INPUT DATA:
▬▬▬▬▬▬

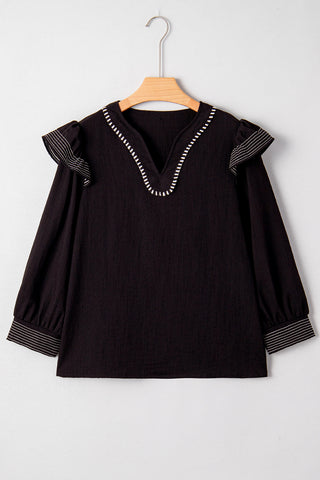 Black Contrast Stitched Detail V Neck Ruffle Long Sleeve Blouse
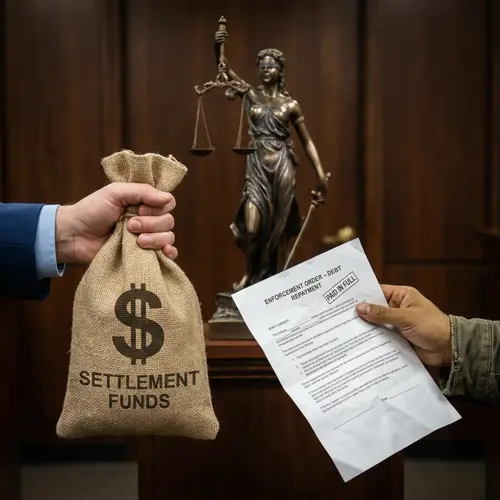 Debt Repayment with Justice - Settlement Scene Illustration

▬▬▬▬▬▬

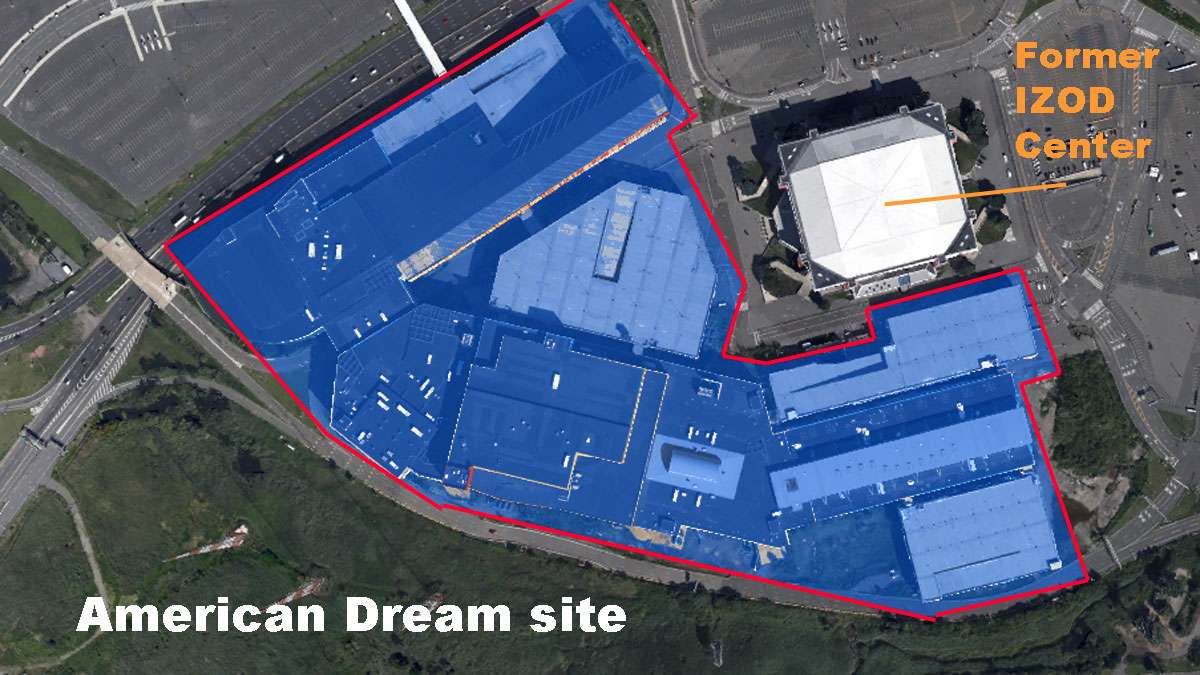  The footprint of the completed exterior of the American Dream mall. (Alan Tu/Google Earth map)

▬▬▬▬▬▬

EXERCISE GOAL:
Copy the lines above exactly, starting at the one with "Black Contrast Stitched" and ending at the one with "Debt Repayment with", both included. Leave out any pictures and add nothing else.

ANSWER FOR THE TASK:
 Black Contrast Stitched Detail V Neck Ruffle Long Sleeve Blouse
 Debt Repayment with Justice - Settlement Scene Illustration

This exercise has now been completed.